By proactively addressing these aspects of university life, you can create a supportive environment that allows you to thrive academically and socially while managing your OI effectively.
Volunteer work
Volunteering is one of the most valuable life experiences you can acquire. Not only does it give you work experience, but it can help you build your resume. It also gives you the opportunity to learn new skills and to find out what you would like to do and what you would not like to do for a living. By volunteering, you are helping people in need and promoting what you believe in.
You can find volunteering opportunities at your school, at your local community center, or online.
Workplace
Many adults with OI have very successful professional careers. However, if you are looking for a job, there are two main things to consider. First, try to find a position that speaks to your abilities and limitations. Avoid applying for jobs that require you to move around a lot and to lift heavy objects. Second, make sure that the workplace is accessible to your needs. If it is not, you must discuss with the potential employer what can be done to make it accessible.
You might not want to tell your employer about your OI for fear that they might fire you, not schedule you for as many hours, or tell your coworkers. However, it is important that you talk to your employer about your OI since you may require special needs or miss work for medical reasons.

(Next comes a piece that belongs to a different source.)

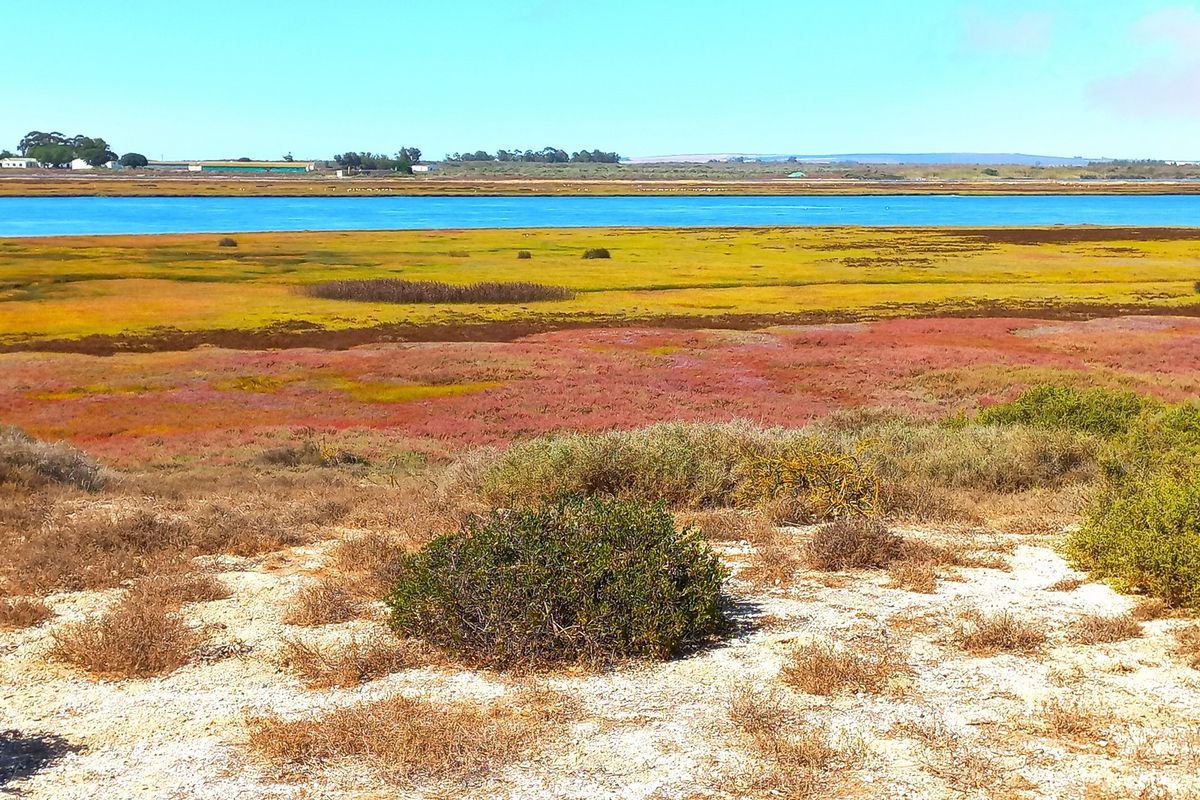 Prime Waterfront Plot for Sale – Admiral Island, Port Owen (Velddrif) - Photo 3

There are many ways that you and your employer can work together to help you while at work.
Your employer might ask you the following questions, so be ready to answer them:
- Is your OI contagious?
- How is OI treated?
- Do your medications affect your ability to concentrate?
- What signs or symptoms show that you need medical help?
- What, if any, are your emergency instructions?
- Do you have any activity restrictions?
- Will you need any accommodations (changes or help) to participate in work?
- Will you need to miss work very often?